Документирующий выставку сборник материалов «ГУЛАГ. Следы и свидетельства 1929–1956» содержит впечатляющие изображения экспонатов и подчеркнуто объективные комментарии соучредителя «Мемориала» Арсения Рогинского и одного из ведущих членов этой организации Ирины Щербаковой, а также не только содержательный, но и «объясняющий» творившееся в ГУЛАГе очерк французского историка Николя Верта, которого я упоминала выше.

В 2013 году вышел немецкий перевод написанной еще в 1946–1947 годах автобиографии Юлия Марголина «Путешествие в страну зэ-ка», в которой рассказывается о принудительном труде в онежских лесах и об интеллектуальном искусстве выживания. Она содержит один из самых резких упреков обществу, молчаливо мирившемуся с преступлениями:

Необходимо протестовать против лагерной системы, как самого чудовищного явления современности, в котором заложены ростки мировой катастрофы.
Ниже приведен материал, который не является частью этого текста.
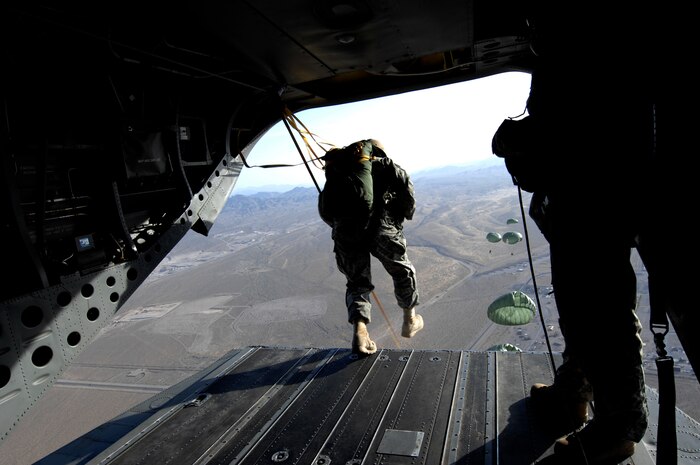 NELLIS AIR FORCE BASE, Nev. -- Air Force jumpers from the 820th RED HORSE squadron, airborne flight, execute a static line jump from a CH-47 Chinook helicopter April 15. Airborne RED HORSE are significantly different than the rest of traditional RED HORSE in that members are airborne qualified and use much lighter specialized equipment. (U.S. Air Force photo by Master Sgt. Kevin J. Gruenwald)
Моральная и политическая катастрофа начинается в тот момент, когда методическое и массовое мучительство, увод людей и убийство, практикуемое под прикрытием марксистской и демократической фразеологии, начинает замалчиваться или оправдываться людьми прогресса, людьми Революции, доброй воли (M I 412)45.

Неслучайно наряду с рассказами заключенных и жертв в 2014 году увидел свет и текст об опыте противоположной стороны – теперь выпущенный и в немецком переводе дневник Ивана Чистякова, описавшего принудительный труд на строительстве Байкало-Амурской магистрали (БАМ) от лица вохровца46.

Использованное в новаторской для изучения и интерпретации лагерных текстов работе Леоны Токер «Возвращение с Архипелага: рассказы переживших ГУЛАГ» (Return from the Archipelago: Narratives of Gulag Survivors) обозначение Narratives of Gulag Survivors дало толчок к размышлениям об «инаковости» этих текстов, занимающих промежуточное место между документом и литературой. Сами авторы об этой «инаковости» не высказывались, однако при выборе жанра и стиля руководствовались очевидным стремлением свидетельствовать и бороться с замалчиванием. Под влиянием реалистической традиции большинство пишущих избегали формальных экспериментов, которые могли бы исказить реальность излагаемого. И все-таки эти многообразные тексты позволяют выявить ту или иную «стилистическую волю», которой также определяется интенсивность вызываемых у читателя аффектов: сострадания, отвращения, ужаса, растерянности. Разрыв между переживанием и описанием, страданием и говорением, чудовищностью случившегося и необходимостью ретроспективно использовать язык так, чтобы передать это случившееся в условиях нового настоящего, времени письма, – такова тематика многих лагерных текстов.

Монография Франциски Тун-Хоэнштейн «Ломаные линии. Автобиографическое письмо и лагерная цивилизация» (Gebrochene Linien. Autobiographisches Schreiben und Lagerzivilisation, 2007) тоже носит литературоведческий характер. Если Токер рисует общую картину известных текстов о ГУЛАГе, то исследовательский интерес Тун-Хоэнштейн направлен на специфику разных способов письма и их нарратологические основания, а также на вопросы мотивации письма. Аргументация обоих исследований ведется в контексте вопросов выразимости/невыразимости экстремального опыта. Вопросы эти в равной мере касаются литературы о ГУЛАГе и литературы о холокосте, а потому отсылки к последней играют роль в обеих работах. Этот двойной взгляд на литературу обеих тоталитарных систем пронизывает и монографию Любы Юргенсон «Невыразим ли опыт концлагеря?» (L’expérience concentrationnaire, est-elle indicible? 2003).